How to get item's position in a list?

Hmmm. There was an answer with a list comprehension here, but it's disappeared.

Here:

 [i for i,x in enumerate(testlist) if x == 1]

Example:

>>> testlist
[1, 2, 3, 5, 3, 1, 2, 1, 6]
>>> [i for i,x in enumerate(testlist) if x == 1]
[0, 5, 7]

Update:

Okay, you want a generator expression, we'll have a generator expression. Here's the list comprehension again, in a for loop:

>>> for i in [i for i,x in enumerate(testlist) if x == 1]:
...     print i
... 
0
5
7

Now we'll construct a generator...

>>> (i for i,x in enumerate(testlist) if x == 1)
<generator object at 0x6b508>
>>> for i in (i for i,x in enumerate(testlist) if x == 1):
...     print i
... 
0
5
7

and niftily enough, we can assign that to a variable, and use it from there...

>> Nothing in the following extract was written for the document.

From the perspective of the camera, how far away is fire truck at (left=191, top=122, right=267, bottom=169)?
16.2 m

>>> gen = (i for i,x in enumerate(testlist) if x == 1)
>>> for i in gen: print i
... 
0
5
7

And to think I used to write FORTRAN.

What about the following?

print testlist.index(element)

If you are not sure whether the element to look for is actually in the list, you can add a preliminary check, like

if element in testlist:
    print testlist.index(element)

or

print(testlist.index(element) if element in testlist else None)

or the "pythonic way", which I don't like so much because code is less clear, but sometimes is more efficient,

try:
    print testlist.index(element)
except ValueError:
    pass

Use enumerate:

testlist = [1,2,3,5,3,1,2,1,6]
for position, item in enumerate(testlist):
    if item == 1:
        print position

for i in xrange(len(testlist)):
  if testlist[i] == 1:
    print i

xrange instead of range as requested (see comments).